Le comunità in capo diretto al ministero della Giustizia sono passate dalle 22 del 1988 alle appena tre di oggi: si trovano a Bologna, Catanzaro e Reggio Calabria e sono gestite da dipendenti pubblici solo fino alle 16, quando subentrano operatori di enti del terzo settore convenzionato. I privati accreditati gestiscono anche il resto delle comunità educative (sono circa 600 in Italia, più o meno attive) che, però, oggi soffrono per mancanza di personale e risorse economiche. «Dopo il Covid – rileva Tartaglione – le professioni di cura hanno perso attrattività. Gli educatori hanno avuto un crollo di popolarità nettissimo: le scuole si sono trovate senza insegnanti e hanno imbarcato gli educatori. Le comunità hanno subito un esodo e molte hanno chiuso. Anche la cooperativa per cui lavoro ha dovuto sacrificare una delle quattro che gestiva». Tra le prime a serrare i battenti sono state proprio le strutture che accoglievano i giovani autori di reato, il tipo di utenza più complessa e respingente. Per tenere aperta una casa del genere, che ospita al massimo dieci ragazzi (anche se il numero può arrivare a 12 in base alle singole disposizioni regionali), servono almeno sei educatori e un responsabile. Troppi, per i tempi che corrono.
Ma la mancanza di manodopera non è l’unica ragione che ha messo in crisi le comunità educative creando il tappo che oggi ha spinto il sistema penale minorile sull’orlo dell’esplosione. Spiega Tartaglione: «Anche se le comunità hanno livelli di tolleranza altissimi, quando un ragazzo commette azioni pericolose per sé o per gli altri in modo reiterato o grave, le strutture hanno bisogno di poterlo dimettere per evitare che il resto degli adolescenti ne risentano. Oggi però lo Stato – che manca di collocamenti alternativi – non riprende in carico il minore problematico, o lo fa troppo lentamente, e questo disincentiva le comunità educative che, essendo meno rispetto al passato e avendo la coda di minori in difficoltà, rifiutano la proposta di collocamento del ministero per gli adolescenti autori di reato».

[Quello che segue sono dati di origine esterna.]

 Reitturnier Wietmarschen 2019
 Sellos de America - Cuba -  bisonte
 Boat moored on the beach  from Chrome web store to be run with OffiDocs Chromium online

Per trovare una soluzione bisognerebbe ripensare tutto – dicono gli addetti ai lavori – con tutti gli attori coinvolti: i servizi del ministero, il tribunale dei minorenni e le comunità. Dalla Lombardia, però, che ospita circa un sesto delle comunità educative italiane – è la denuncia Tartaglione – la situazione sembra ben lontana da questa direzione. «In estate la Regione ha reso pubblica una manifestazione d’interesse, recentemente assegnata, per aprire tre comunità che noi definiamo “mostro”. Sono pensate per accogliere ciascuna 12 minori, tutti autori di reati penali e con problemi di salute mentale. Si tratta di un grosso passo indietro culturale che, se non tradisce la legge del 1988, che negli anni è stata attenuta, ne profana lo spirito. Il rischio è creare un ghetto dove i soggetti difficili verranno gestiti con controllo farmacologico più che con criteri educativi. Inoltre comunità simili – per le quali è stata prevista una retta giornaliera di 320 euro, un budget simile a quello stanziato per le strutture psichiatriche ma più che doppio rispetto ai 93 euro previsti per una comunità educativa – fanno gola a tanti e rischiano di attirare enti con poca o nulla esperienza nel settore, delicatissimo, degli adolescenti autori di reato».